_Exercise_:
Retype only the lines below from the one with "FRONT BRAKE ZX750A3" to the one with "Teppich-Traum Teppich Kinderteppich", inclusive, skipping every image.

_Listed entries_:

++++

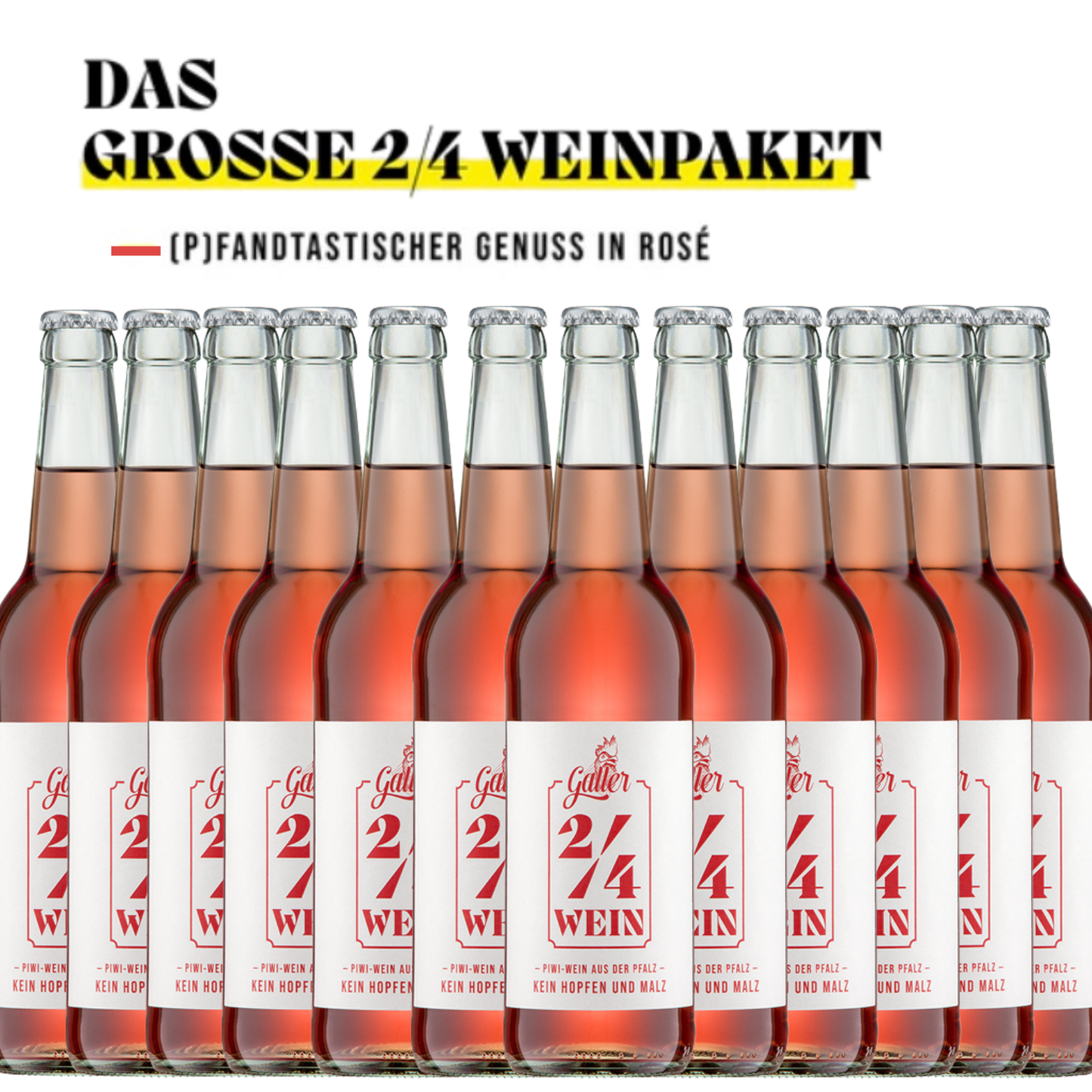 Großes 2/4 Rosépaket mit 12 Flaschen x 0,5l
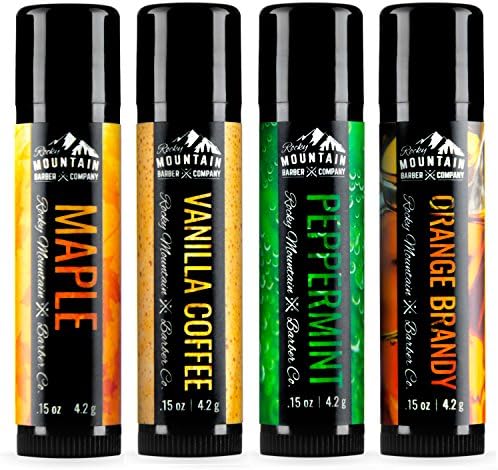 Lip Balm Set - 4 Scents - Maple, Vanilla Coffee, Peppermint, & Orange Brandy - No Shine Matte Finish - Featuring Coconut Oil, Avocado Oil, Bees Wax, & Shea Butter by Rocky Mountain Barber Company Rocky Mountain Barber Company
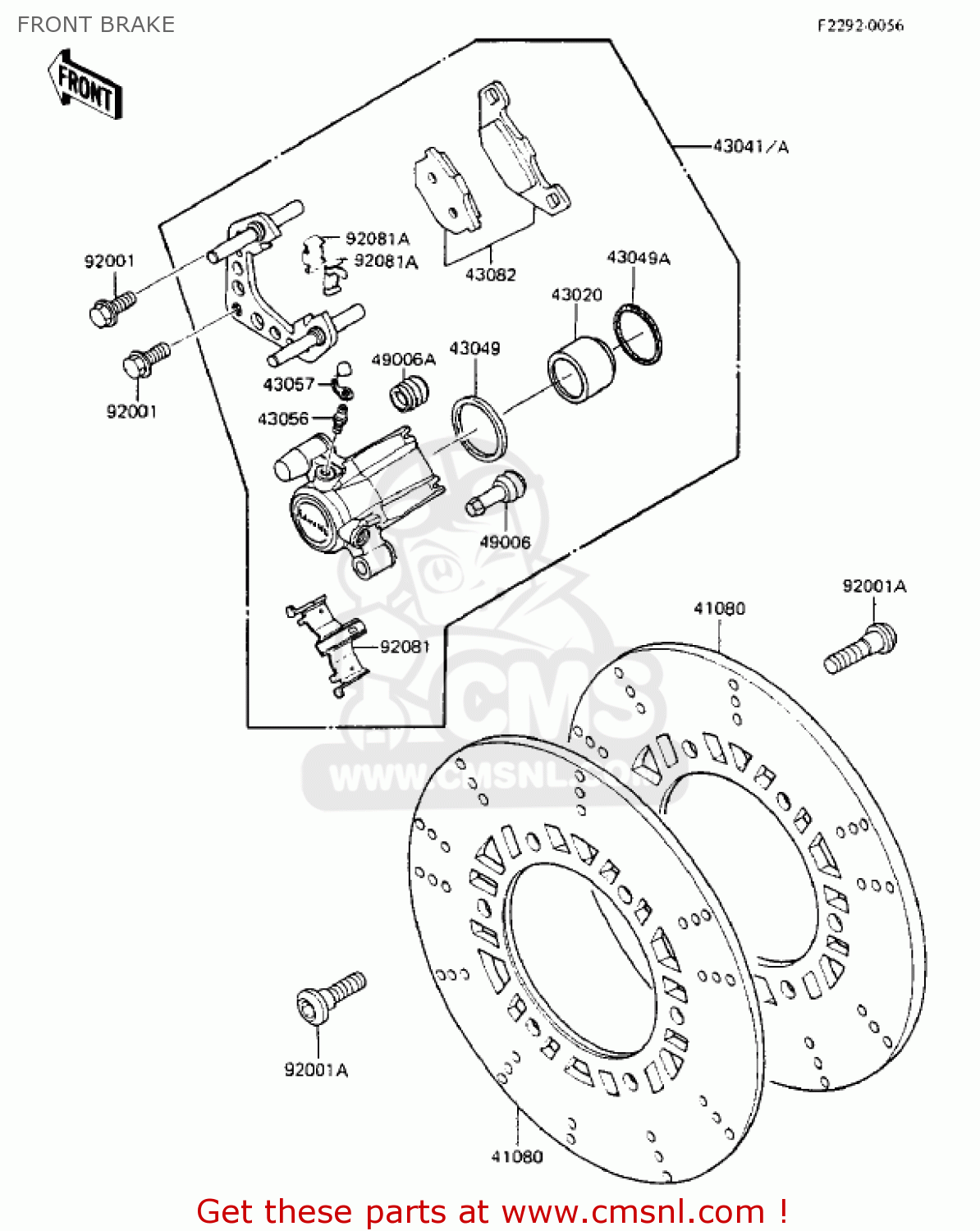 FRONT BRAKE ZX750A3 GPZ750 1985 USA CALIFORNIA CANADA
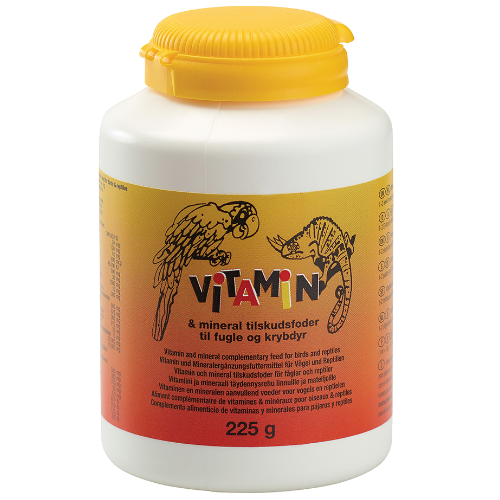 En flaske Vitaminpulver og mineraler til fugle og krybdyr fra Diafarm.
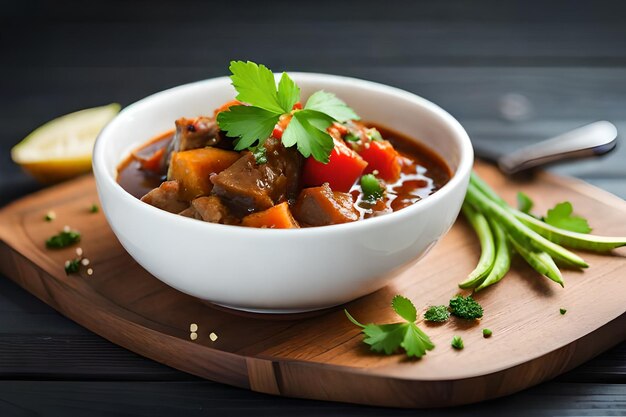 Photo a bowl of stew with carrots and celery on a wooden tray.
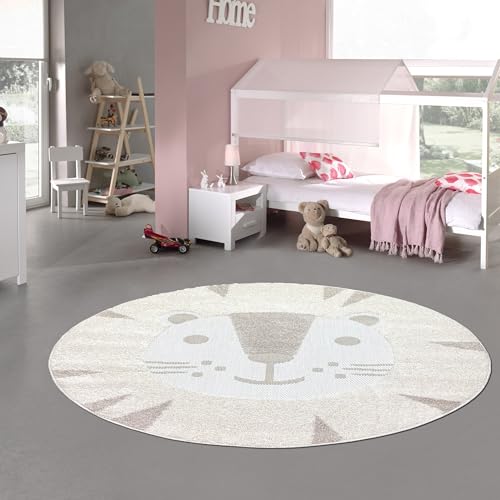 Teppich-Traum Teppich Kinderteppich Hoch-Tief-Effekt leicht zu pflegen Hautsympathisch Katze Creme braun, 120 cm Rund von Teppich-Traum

++++

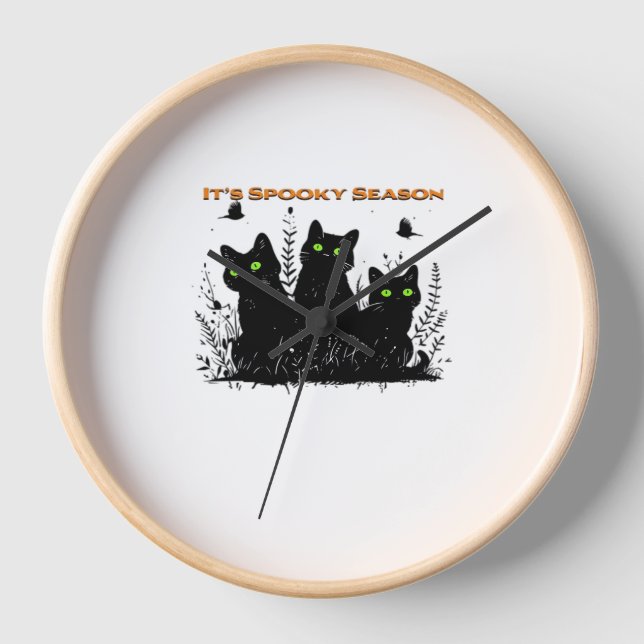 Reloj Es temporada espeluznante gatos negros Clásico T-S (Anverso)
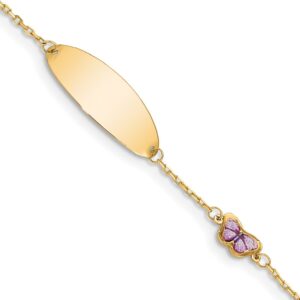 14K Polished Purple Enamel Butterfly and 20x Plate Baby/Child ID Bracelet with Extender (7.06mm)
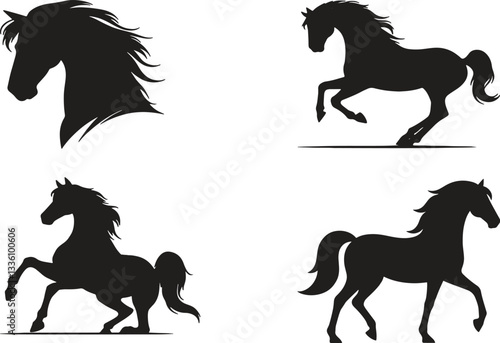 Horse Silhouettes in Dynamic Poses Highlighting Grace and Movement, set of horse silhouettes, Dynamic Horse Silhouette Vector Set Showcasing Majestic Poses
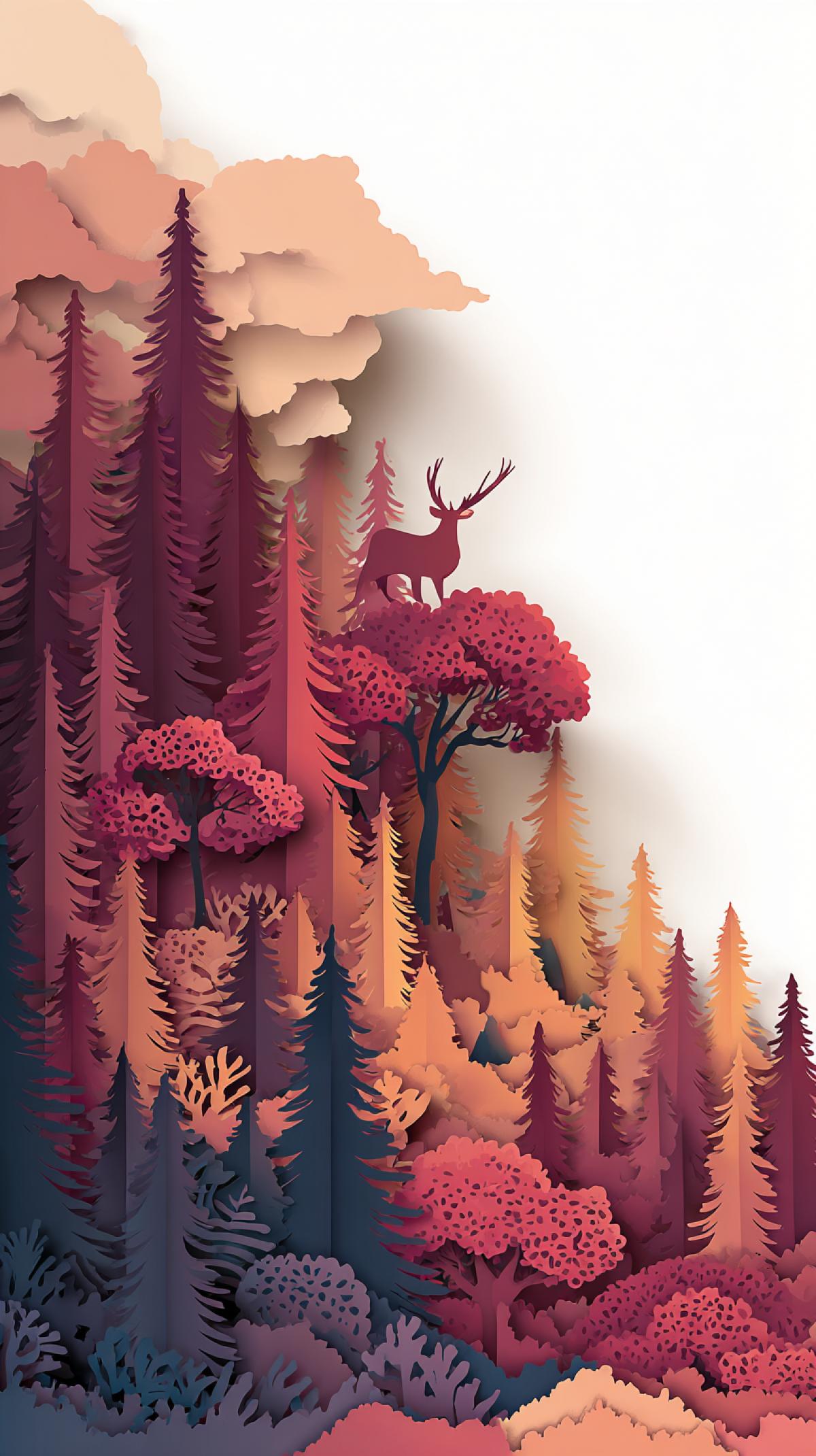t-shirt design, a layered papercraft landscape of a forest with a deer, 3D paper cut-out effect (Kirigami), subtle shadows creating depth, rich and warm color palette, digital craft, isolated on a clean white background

++++

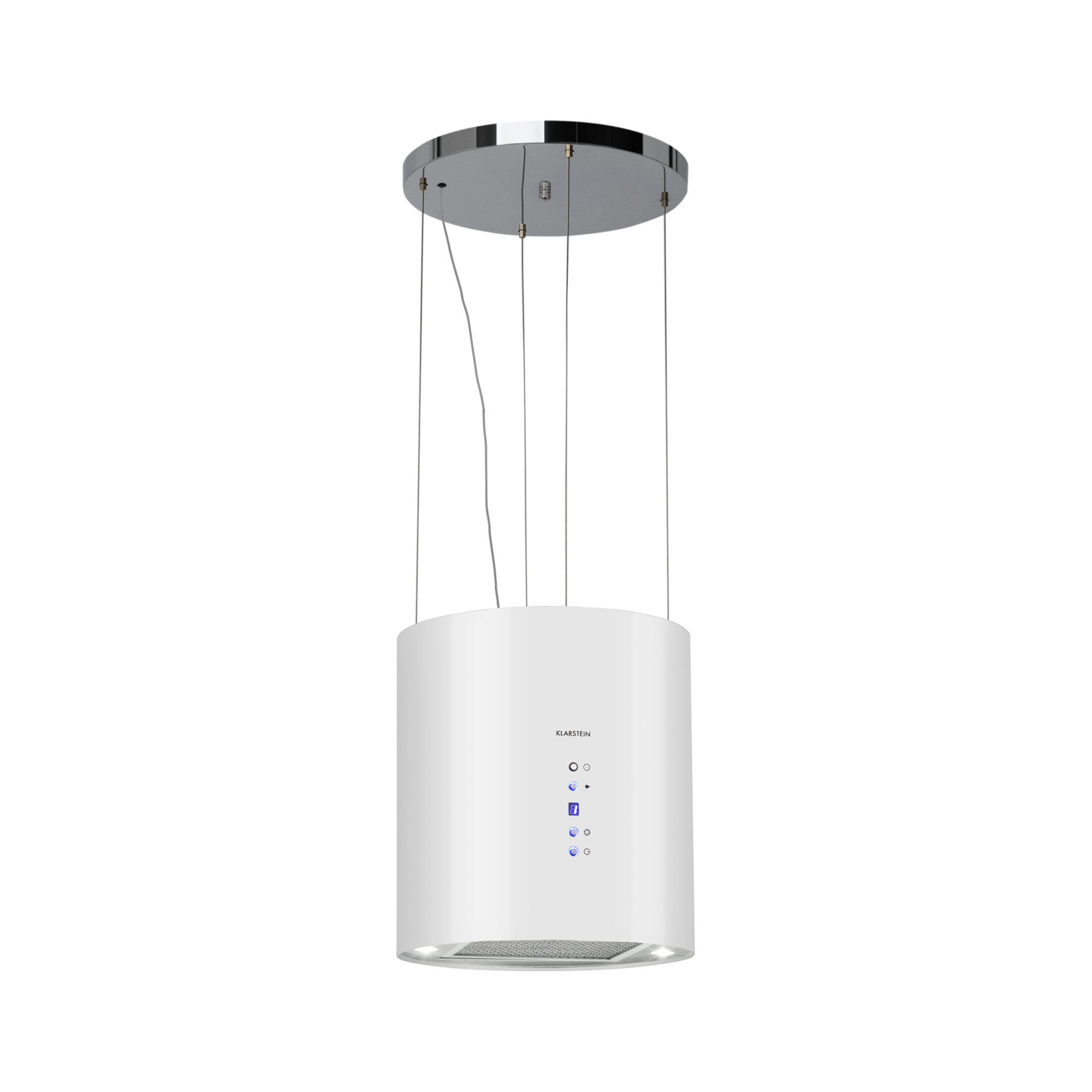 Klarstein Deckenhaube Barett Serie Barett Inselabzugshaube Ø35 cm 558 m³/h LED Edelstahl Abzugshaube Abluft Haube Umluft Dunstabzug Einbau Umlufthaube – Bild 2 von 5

++++

_Solution for this exercise_:
 FRONT BRAKE ZX750A3 GPZ750 1985 USA CALIFORNIA CANADA
 En flaske Vitaminpulver og mineraler til fugle og krybdyr fra Diafarm.
 Photo a bowl of stew with carrots and celery on a wooden tray.
 Teppich-Traum Teppich Kinderteppich Hoch-Tief-Effekt leicht zu pflegen Hautsympathisch Katze Creme braun, 120 cm Rund von Teppich-Traum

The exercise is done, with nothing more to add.